In retrospect, the absurdist gamesmanship of those earlier movies was a
warm-up for The Sweet Hereafter's daringly fractured style and its
solemn, staggering depth of feeling. In its early scenes, The Sweet
Hereafter moves effortlessly back and forth in time, contrasting the
ravaged townspeople with their blissfully mundane lives before the crash.
"Before the crash"--the phrase comes to haunt every frame. We feel for the
bus driver (Gabrielle Rose) who chokes back tears in a room decorated with
school pictures; somehow, though, it's even more upsetting to see the
sweetly gawky woman exchanging banal pleasantries with smiling parents as
they usher their kids onto the bus. The movie's splintered chronology
ultimately removes everyone from the here and now--even Stephens, who
agonizes over a junkie daughter whose life he once literally held in his
hands. Grief erases the present tense; it leaves only a before and an
after.
In various forms, in all of his movies, Egoyan has examined the impact
of tragedy and the managing of loss. From the radiant first image, of a
sleeping couple cradling a little girl, The Sweet Hereafter is
suffused with a parent's anxious, consuming love for a child. (The use of
Robert Browning's "The Pied Piper of Hamelin" as a suggestive refrain is
inspired.) But Egoyan gives us a terrible gift he spares his characters:
the knowledge of what is to come. We watch the town's placid routines of
daily life--the father who follows the school bus every day and waves to
his kids, the parents who insist on walking their boy to the bus
stop--knowing that the good-luck rituals will fail. When we see the
sleeping couple again, late in the film, we know what they'll awaken to.

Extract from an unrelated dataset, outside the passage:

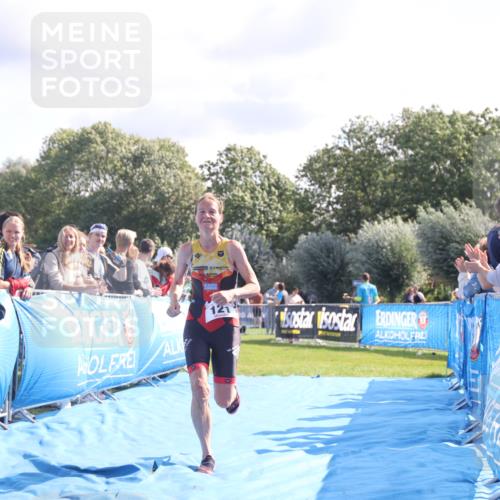 25.08.2024 - Elbe Triathlon Hamburg H.Heesch http://msf.ph/oto/6856571 25.08.2024 10:53:33 Ziel 125, 232 meine-sportfotos.de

The characters can't even retreat safely into memory--there are too many
guilty secrets, too much potential blame. When the lawsuit is resolved, in
a courtroom scene all the more gripping for its lack of theatrics, it
absolves no one.
The movie's icy calm is enhanced by Paul Sarossy's cinematography, which
emphasizes the town's isolation and the heavy expanses of snow, and by
Mychael Danna's serene madrigal strains on the soundtrack. As Stephens, Ian
Holm lends ambiguity and humanity to what could've been a stock shyster
role, and the supporting cast is wondrous, from Sarah Polley's quietly
accusing survivor to Bruce Greenwood's anguished father. And there are
countless moments of piercing beauty, culminating in a guilt-stricken look
of remembrance exchanged on a crowded street, years after the crash,
between two survivors who want nothing more than to forget. The Sweet
Hereafter offers no comfort, only the experience of its sorrowful
truths, and the emergence of a once promising filmmaker as a great one.